The false positive problem is a product problem

01 May 2026 securityproductsoc

When a SOC is drowning in alerts, the instinct is to hire more analysts. More eyes, more throughput. The queue goes down temporarily. Then it comes back.

The real problem isn’t volume. It’s fidelity.

If half your alerts are false positives (and for most managed SOCs, half is roughly right), you’re not running a security operation. You’re running a noise filter staffed by humans. Every analyst who closes a false positive is an analyst who isn’t hunting. Every merge request filed to tune a detection rule is an engineering burden that compounds.

The product question is: what would it take to make the queue smarter, not just shorter?

Closing tickets is table stakes. Improving fidelity is the job.

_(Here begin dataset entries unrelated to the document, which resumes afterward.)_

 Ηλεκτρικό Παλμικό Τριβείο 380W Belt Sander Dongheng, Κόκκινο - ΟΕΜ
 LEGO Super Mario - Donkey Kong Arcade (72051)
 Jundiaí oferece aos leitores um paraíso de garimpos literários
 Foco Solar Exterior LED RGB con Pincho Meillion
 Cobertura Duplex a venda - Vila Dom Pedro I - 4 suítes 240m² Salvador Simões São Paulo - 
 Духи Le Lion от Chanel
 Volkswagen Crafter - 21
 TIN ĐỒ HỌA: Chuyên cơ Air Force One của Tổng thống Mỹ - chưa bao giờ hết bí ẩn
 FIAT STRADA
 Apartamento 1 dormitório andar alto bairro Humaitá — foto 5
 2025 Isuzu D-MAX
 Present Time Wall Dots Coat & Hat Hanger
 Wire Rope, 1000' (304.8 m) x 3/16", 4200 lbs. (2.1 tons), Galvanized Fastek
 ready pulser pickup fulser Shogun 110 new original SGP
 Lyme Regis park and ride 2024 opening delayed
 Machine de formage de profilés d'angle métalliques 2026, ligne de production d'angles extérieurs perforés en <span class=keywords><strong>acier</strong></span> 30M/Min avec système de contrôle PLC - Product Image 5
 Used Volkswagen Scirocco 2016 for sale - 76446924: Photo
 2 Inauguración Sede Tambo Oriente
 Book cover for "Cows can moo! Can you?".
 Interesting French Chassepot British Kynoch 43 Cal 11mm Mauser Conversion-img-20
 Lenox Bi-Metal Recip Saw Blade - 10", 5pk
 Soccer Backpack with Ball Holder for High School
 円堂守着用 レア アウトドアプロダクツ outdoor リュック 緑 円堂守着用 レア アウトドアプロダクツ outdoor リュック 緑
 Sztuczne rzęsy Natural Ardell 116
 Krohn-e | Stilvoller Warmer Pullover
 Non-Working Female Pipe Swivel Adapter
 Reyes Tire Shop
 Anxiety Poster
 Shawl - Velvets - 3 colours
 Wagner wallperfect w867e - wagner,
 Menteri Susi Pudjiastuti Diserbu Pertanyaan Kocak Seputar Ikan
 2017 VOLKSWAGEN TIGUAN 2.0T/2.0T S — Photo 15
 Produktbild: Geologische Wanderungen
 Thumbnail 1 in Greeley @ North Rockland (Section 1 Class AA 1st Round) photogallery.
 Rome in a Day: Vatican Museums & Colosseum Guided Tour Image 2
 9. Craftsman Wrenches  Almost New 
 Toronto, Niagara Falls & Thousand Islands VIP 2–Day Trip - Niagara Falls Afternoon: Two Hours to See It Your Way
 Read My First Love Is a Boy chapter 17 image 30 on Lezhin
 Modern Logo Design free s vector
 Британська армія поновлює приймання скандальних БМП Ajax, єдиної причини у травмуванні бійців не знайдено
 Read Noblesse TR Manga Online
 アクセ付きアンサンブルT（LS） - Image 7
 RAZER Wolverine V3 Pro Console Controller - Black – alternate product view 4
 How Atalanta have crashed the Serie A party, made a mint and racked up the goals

The best operators aren’t the ones who close the most alerts. They’re the ones who make the detection logic better over time so that fewer bad alerts reach them in the first place.

That’s a compounding loop. Better detections → fewer false positives → freed analyst capacity → more hunting → better detections.

But the loop only turns if tuning is frictionless. If an analyst has to file an engineering MR to narrow a firing condition, the loop stalls. The cost of tuning exceeds the benefit, and analysts learn to close noise quietly instead of fixing it.

What the product needs to do

The rule of thumb I’ve been working from: tuning should always be one step from triage.

Close a false positive → immediate suggestion to adjust the detection condition, from within the same view. No code. No MR. No separate workflow.

That’s not a feature. It’s a prerequisite for everything else.

Detection quality metrics (false positive rate per rule, per team, over time) need to be visible and unambiguous. Not buried in a dashboard somewhere, but part of the operational picture. The measure of a well-run SOC shouldn’t be tickets closed. It should be whether the queue is getting sharper or noisier quarter over quarter.

The thing about AI

AI-assisted triage gets a lot of attention. Autonomous agents that pre-enrich alerts, classify FP vs TP, summarise findings. That’s genuinely useful. But it’s downstream of fidelity.

If the detection logic is bad, AI triage is doing expensive processing on noise. The leverage is at the detection layer, not the triage layer.

Fix the signal first. Then automate the triage.